He put his arms around her. “I’m fine, Mama. I’m safe. See, I have my storm house.”

But she just wrapped her arms around him, held onto him.

“How did you know he was here?” Mrs. Morgan was talking, her voice sounding suddenly frail.

“Gordon Lindholm came into the clinic with Violet Hart. She told us where to find him. I brought your horse and sleigh home.”

Arnie looked up at the voice. The sheriff, in his oversized coat, his sculpted hat. Arnie shrank back from him, remembering the unfinished lines on the board. “I can unhitch him, stable him in the barn for you, if you’d like, Dottie.”

Dottie nodded as Arnie’s mother stood. “Thank you, thank you for taking care of my boy.”

Arnie looked up at her, and Mrs. Morgan smiled down at him. “He’s a very brave boy.”
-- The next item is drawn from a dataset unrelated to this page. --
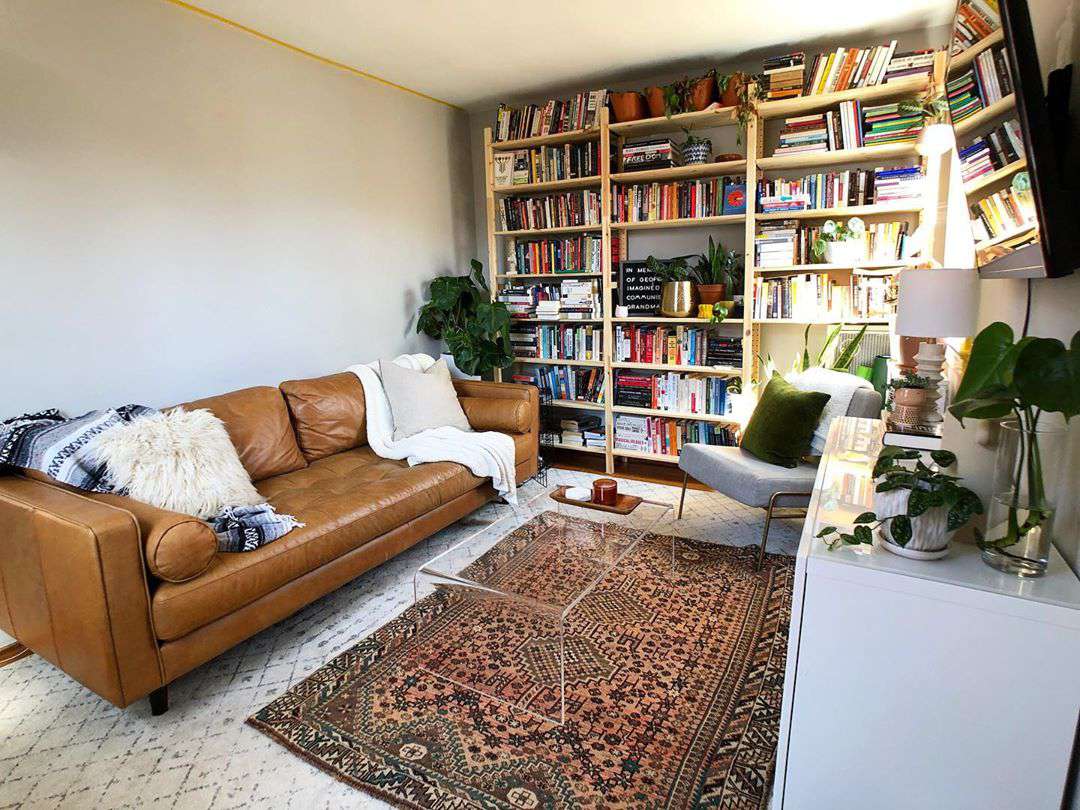 中性的客厅，带书架。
“And foolish! He should have never left the school!” But his mother smiled down at him, and he let the tension in his chest uncoil. “I went there straight from the factory, but you were gone.” She looked at Mrs. Morgan. “We stayed there, in the school, all the girls from the mill and me. And another group holed up at the dance hall. Frank Duesy has his snowplow out and is clearing the roads. I followed the sheriff over in the farm truck. Do you need anything?”

Mrs. Morgan wrapped her arms around herself. Shook her head.

His mother took his hand. “Let’s go home, Arnie. Tomorrow is Christmas Day. You don’t want Santa to find you missing.”

But he would find me here.
The words nearly broached his lips. Instead, he nodded and scampered upstairs to change.

At long last our hero escapes the land of Frigia, riding the wily Snow Dragon, with its massive teeth. But he waves good-bye to Queen Fria, as she stands in the doorway of her enchanted castle, bidding him farewell on his journey.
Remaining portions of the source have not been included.